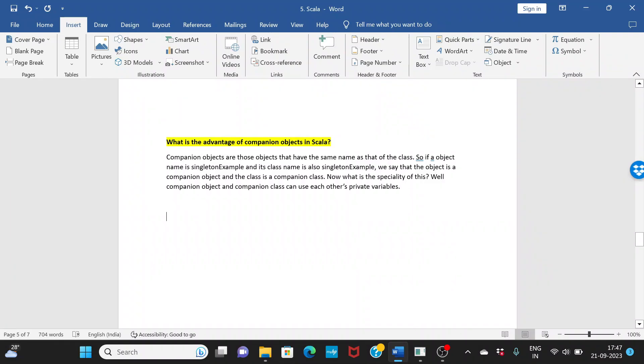What is the advantage of companion objects in Scala? First of all, let's understand what companion objects are. Companion objects are those objects that have the same name as that of a class.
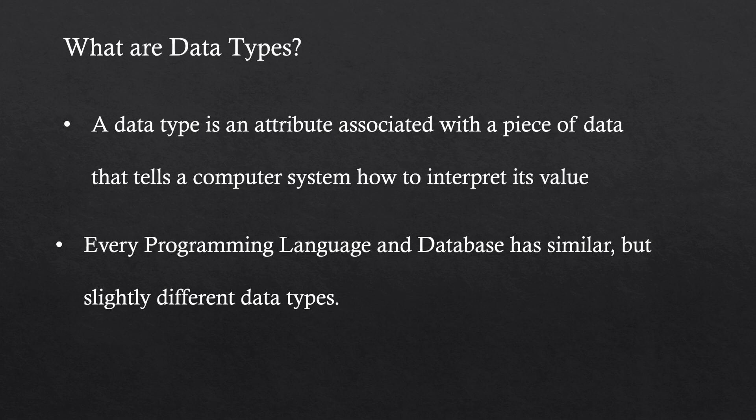So a data type is an attribute associated with a piece of data that tells a computer system how to interpret its value. Every programming language and database has similar but slightly different data types. I've worked with all types of programming languages and lots of different databases, and they all act somewhat similarly, but they can be different at times. So knowing the core concepts that we're going to cover in this lesson can be really helpful to traverse the different types of data types in different systems.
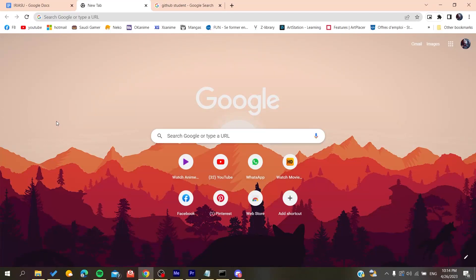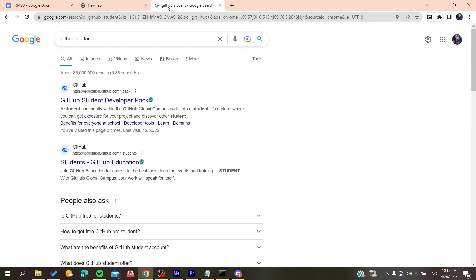Hello guys and welcome to a new brand video. In today's tutorial I'm going to show you how to verify students on GitHub. So now all you need to do is open your web browser, either if it was Google Chrome, Mozilla Firefox, Edge, any web browser that you are using, and then just go to your searching engine and type GitHub student.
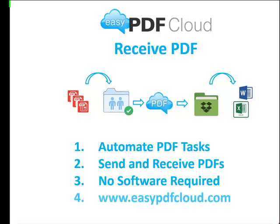Just visit EasyPDFCloud.com and get started. Thank you for your time. Have a great day.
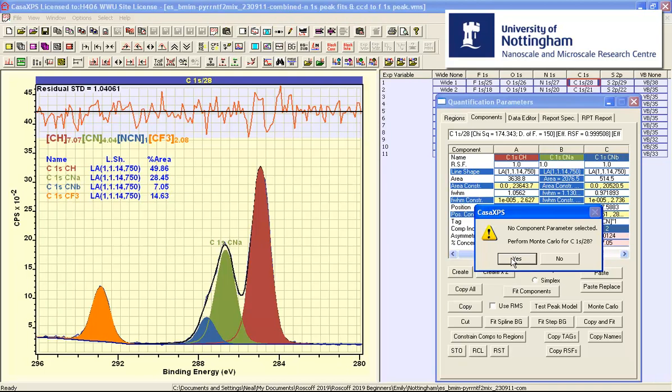And this may take a while and after a minute it will confirm whether you wish to continue or not. But in this case it is going to terminate well within a minute so I am going to press yes.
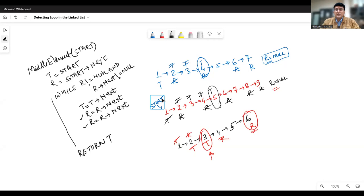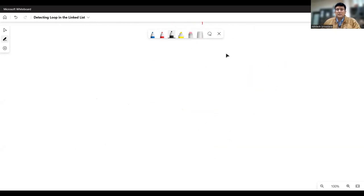Here is just an insight of what we discussed in the last video on the middle element, wherein we have taken a turtle pointer that was moving one step and the rabbit was moving two steps. And once the rabbit reaches the final race, wherever the turtle has reached, that is the middle element. Here we have seen that the rabbit may either become null or reach the last node — both are the terminating conditions for finding the middle. Now let's move to finding the loop in the list.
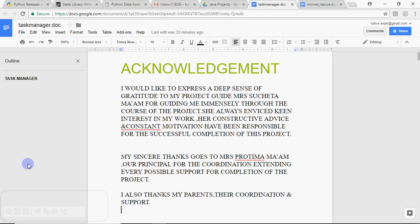Hey y'all, this is Anjali and in this video I'm going to explain how you would answer questions about your project in your Viva.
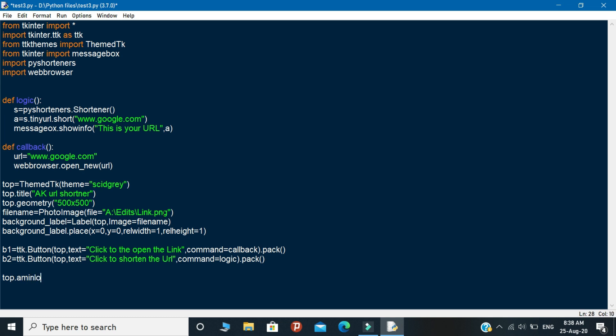This is the end of the coding part. Let's run the program and see how our output looks like.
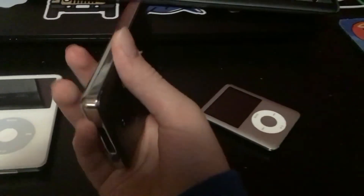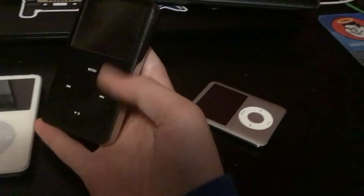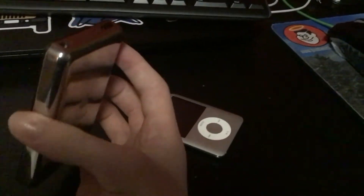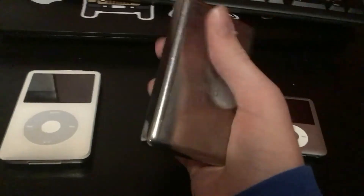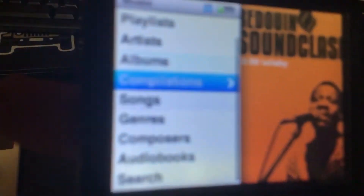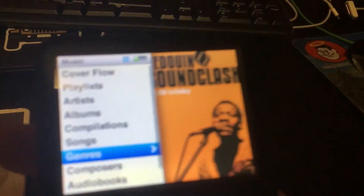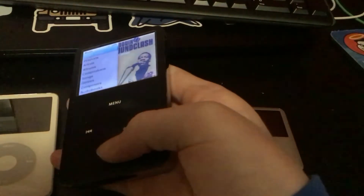This is my dad's late 2007 sixth generation iPod Classic, 160 gigs. He's owned it since it was brand new.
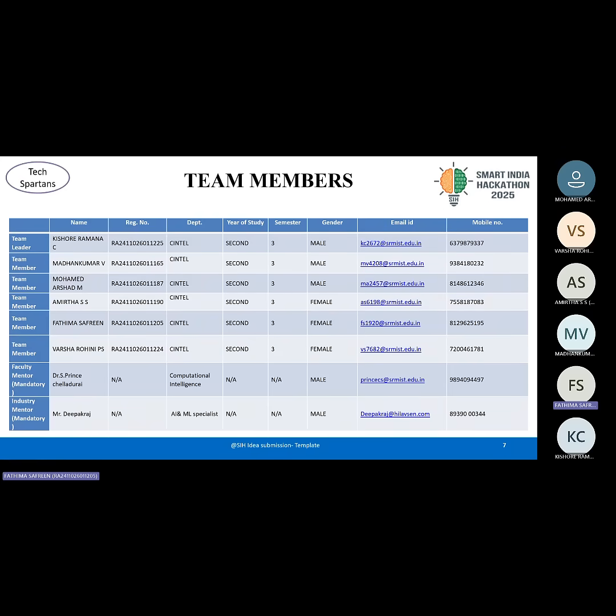These are our team members. To guide us, we have our faculty mentor Dr. S. Prince Chaladurai Sir, and industry mentor Mr. Deepak Raj. Thank you so much, and with this I conclude our presentation. Thank you.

● Exercise aim: In the listing above, find the line with "Just visit EasyPDFCloud.com" and the line with "And this may". Set down both and every line between them, minus the pictures.

● Answer space:
Just visit EasyPDFCloud.com and get started. Thank you for your time. Have a great day.
And this may take a while and after a minute it will confirm whether you wish to continue or not. But in this case it is going to terminate well within a minute so I am going to press yes.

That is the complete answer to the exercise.